Tragiczny finał poszukiwań 13-letniej Patrycji z Bytomia. Policjanci odnaleźli ciało zamordowanej nastolatki. Wszystko wskazuje na to, że zabił ją jej 15-letni znajomy.
12 stycznia przed północą policjanci z Bytomia przyjęli zgłoszenie dotyczące zaginięcia 13-letniej Patrycji. Wstępne ustalenia wskazywały, że nastolatka w dniu zaginięcia około godziny 16 spotkała się w Piekarach Śląskich ze swoim bliskim znajomym. Następnie po kłótni z 15-latkiem około 18 miała oddalić się w kierunku ulicy Bytomskiej. Sprawę zaginięcia przejęli mundurowi z Piekar Śląskich, gdzie ostatni raz dziewczynka była widziana.

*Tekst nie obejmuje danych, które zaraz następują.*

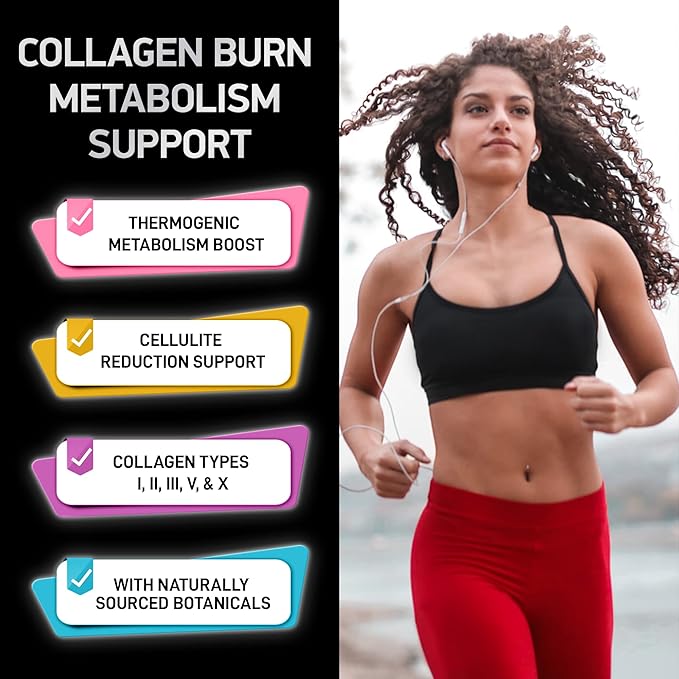 Thermogenic Multi Collagen Burn Capsules - Advanced Type I II III V X Hydrolyzed Collagen Peptides Plus Hyaluronic Acid - Metabolism Cellulite Skin Hair Nails Support - 90 Collagenic Burn Caps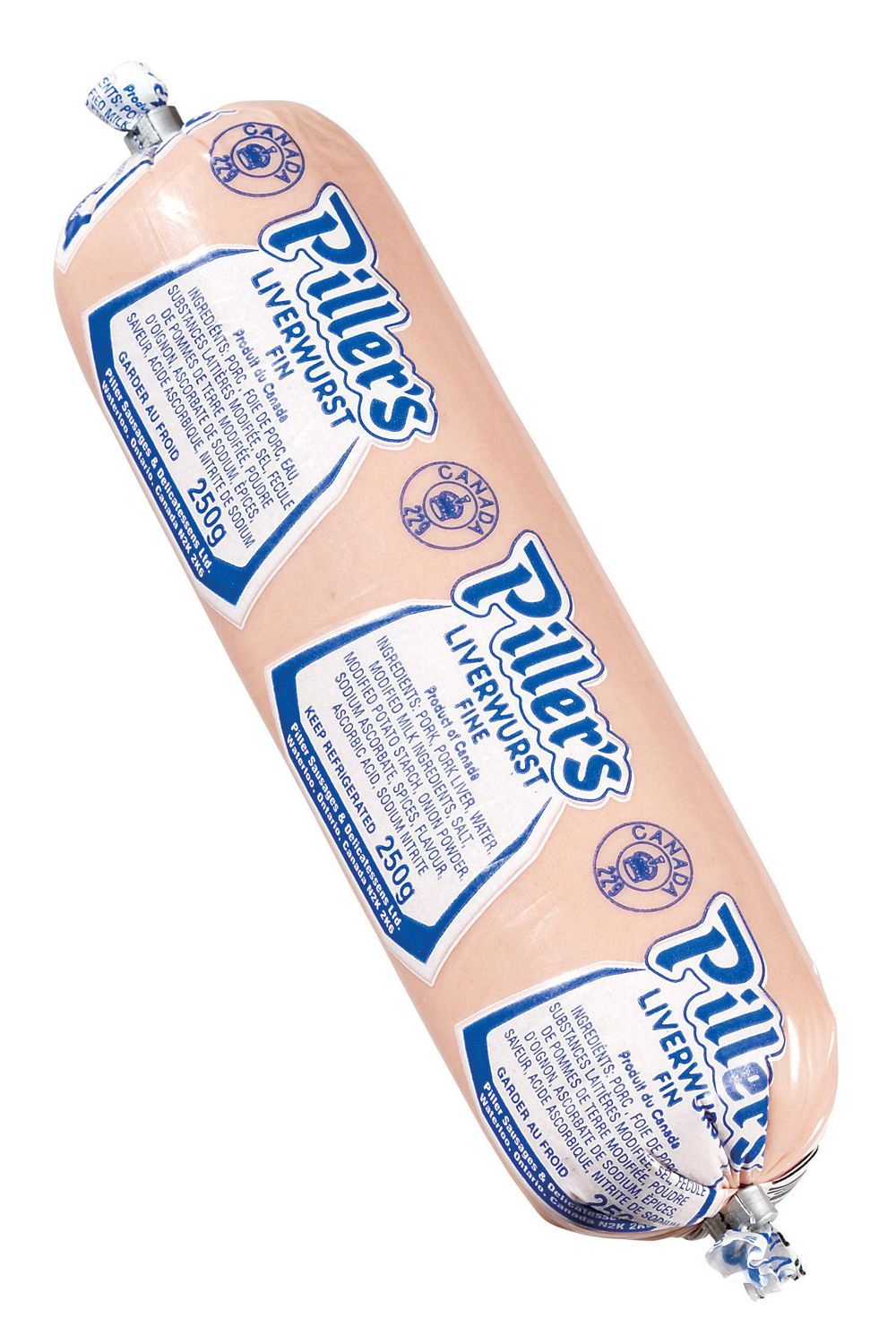 Piller's Fine Liverwurst a smooth pâté for spreading on bread or crackers; high in protein and labeled free of gluten and major food allergens, shown spread on toast and crackers and often used as a sandwich filling or protein-rich breakfast spread.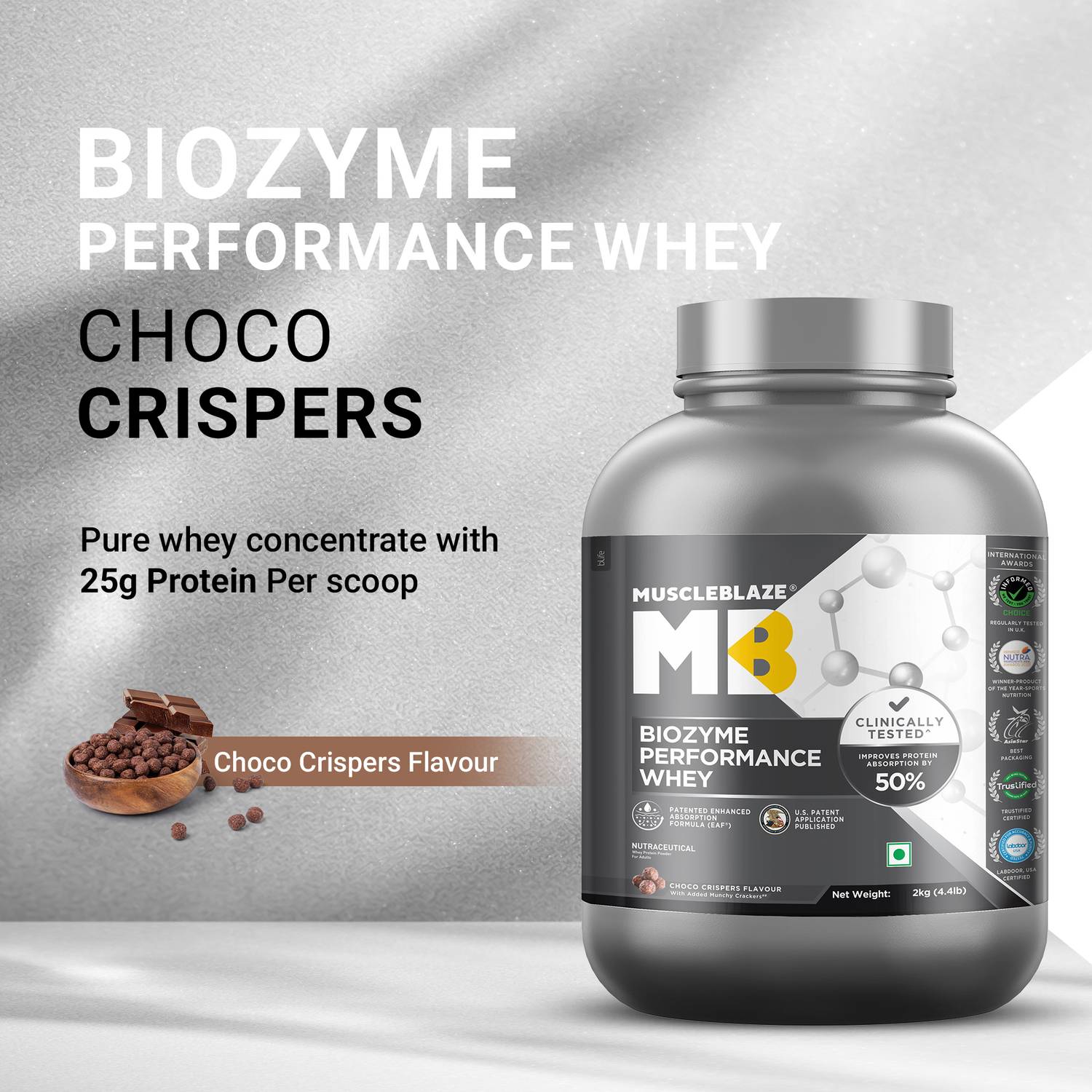 MUSCLEBLAZE Biozyme Whey Protein 25g - Image 2
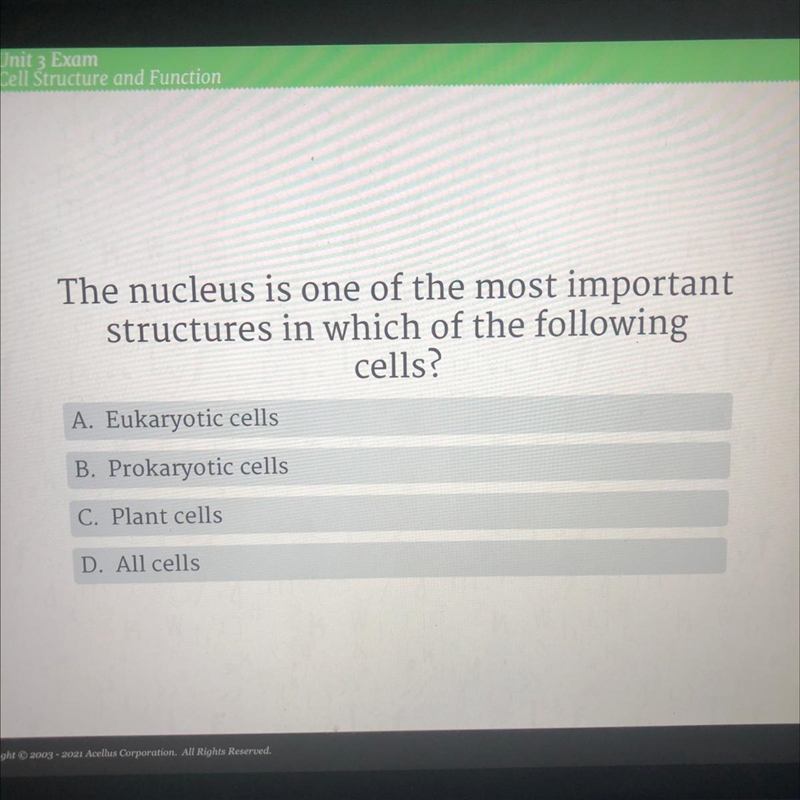 The nucleus is one of the most important structures in which of the following cells-example-1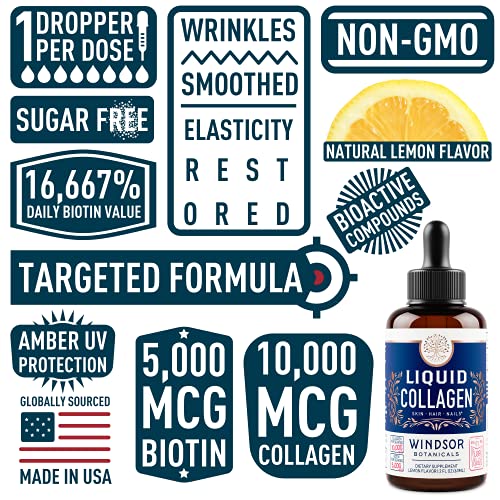 Concentrated Liquid Collagen Peptides Supplement - Hair, Skin, Na...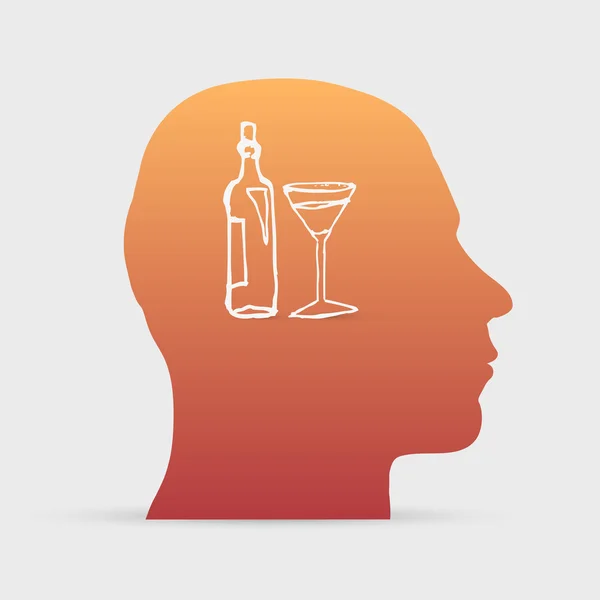 Cabeza humana con botella de vino dibujada a mano e icono de cristal de martini — Archivo Imágenes Vectoriales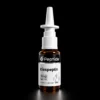 Kisspeptin 10mg Close-up of a white plastic bottle with a pointed nozzle and a black 'Peptide' label against a black background.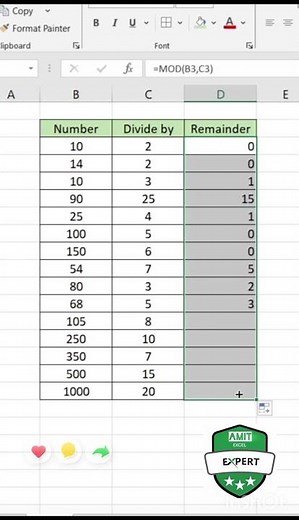 MOD Function #excel #easylearning #viral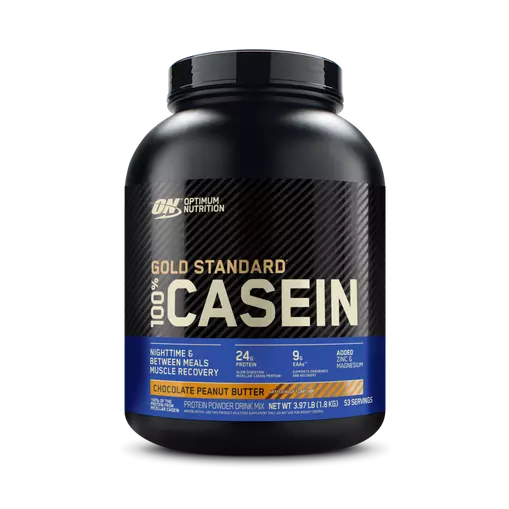 A container of Optimum Nutrition Gold Standard 100% Casein protein powder in Chocolate Peanut Butter flavor.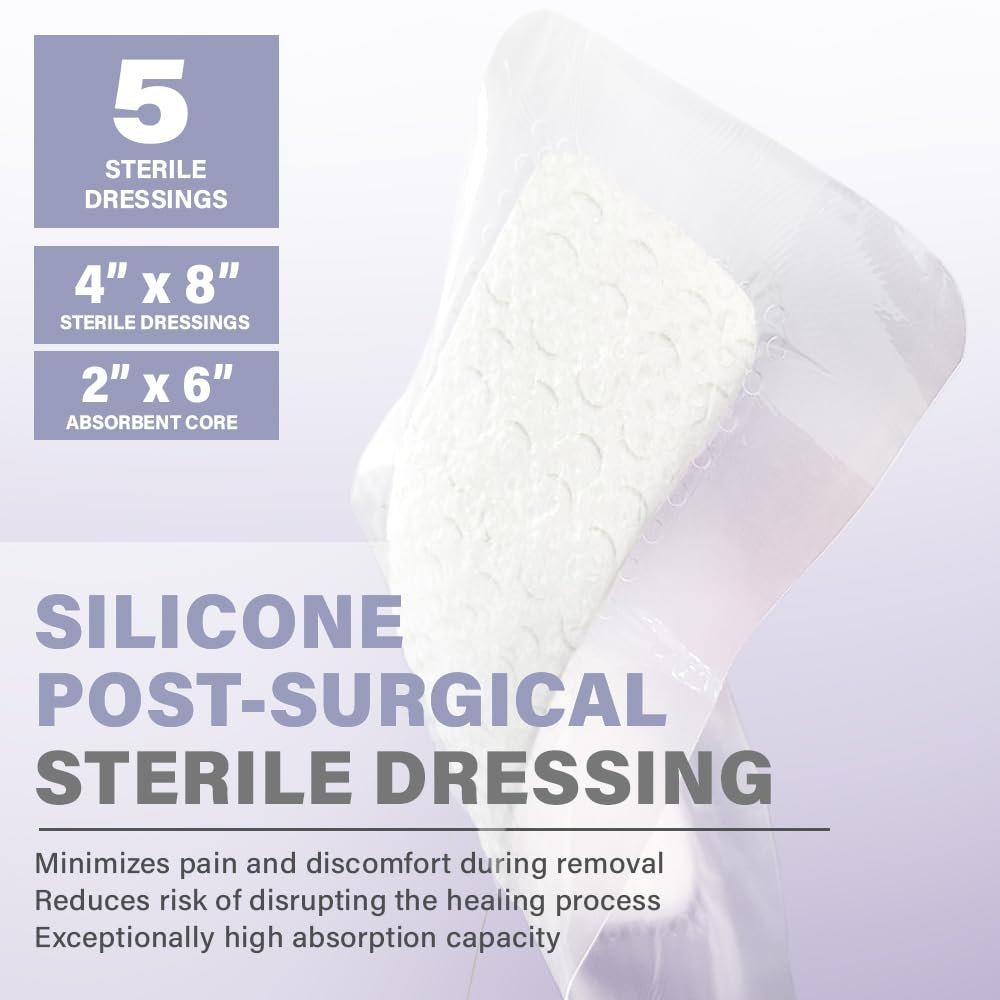 EVERLIT Post-Operatives Wundpflaster | Steriles, wasserdichtes, hypoallergenes Silikonpflaster für chirurgische Wunden | 5 Stück (10 x 20 cm)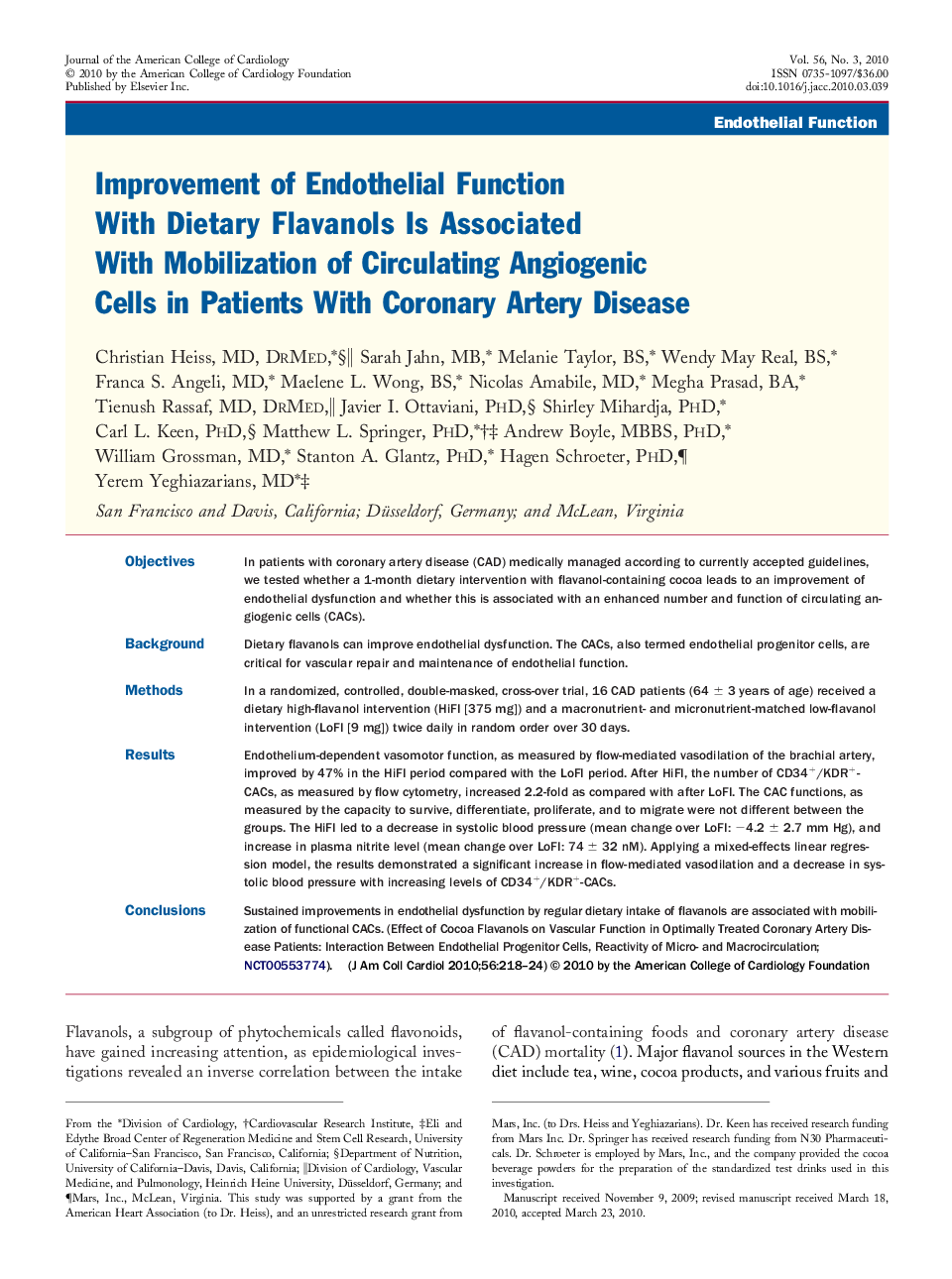 Improvement of Endothelial Function With Dietary Flavanols Is Associated With Mobilization of Circulating Angiogenic Cells in Patients With Coronary Artery Disease 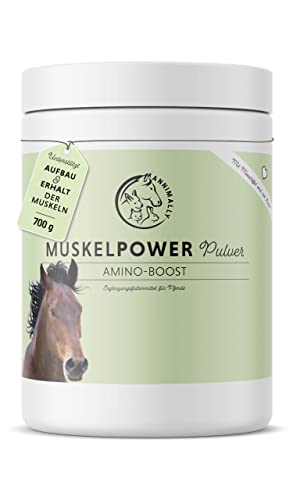Annimally Muskelaufbau Pulver für Pferde 700g mit Sojaprotein, Lysin, Carnitin, Threonin, Methionin - Amino Zusatzfutter für die Stärkung der Muskulatur beim Pferd - Alternative zu Liquid von Annimally
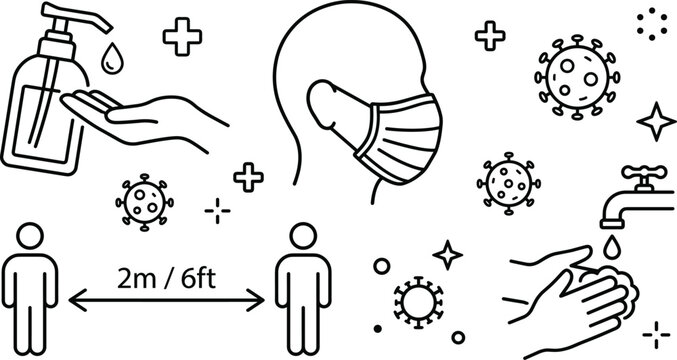 Covid pandemic prevention outline vector icon set featuring face mask hand sanitizer washing social distancing and virus safety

Jak informuje Śląska Policja, do wyjaśnienia sprawy zaangażowanych zostało kilkudziesięciu policjantów. Dziewczynki szukali także bliscy i znajomi. Niestety, finał poszukiwań okazał się tragiczny. Śledczy z wydziału kryminalnego na polach odnaleźli ciało dziewczynki. 13-latka na ciele miała obrażenia wskazujące na użycie ostrego narzędzia.
Nowe światło na sprawę rzuciły informacje przekazane przez świadka, z których wynikało, że 13-latka była widziana, gdy wchodziła do autobusu w towarzystwie swojego o dwa lata starszego bliskiego znajomego. Było to sprzeczne z wersją przedstawioną wcześniej przez 15-letniego mieszkańca Piekar Śląskich. Chłopiec wielokrotnie zmieniał swoje wyjaśnienia, które budziły podejrzenia śledczych. 15-latek ostatecznie wskazał policjantom miejsce, gdzie znajduje się ciało dziewczyny. Zebrany przez policjantów materiał dowodowy wskazywał, że to najprawdopodobniej on jest sprawcą śmierci dziewczyny.
Nastolatek został zatrzymany. Noc spędził w policyjnej izbie dziecka, natomiast wkrótce stanie przed sądem rodzinnym, który będzie decydował o jego dalszym losie. Dzisiaj odbędzie się sekcja zwłok zamordowanej dziewczynki.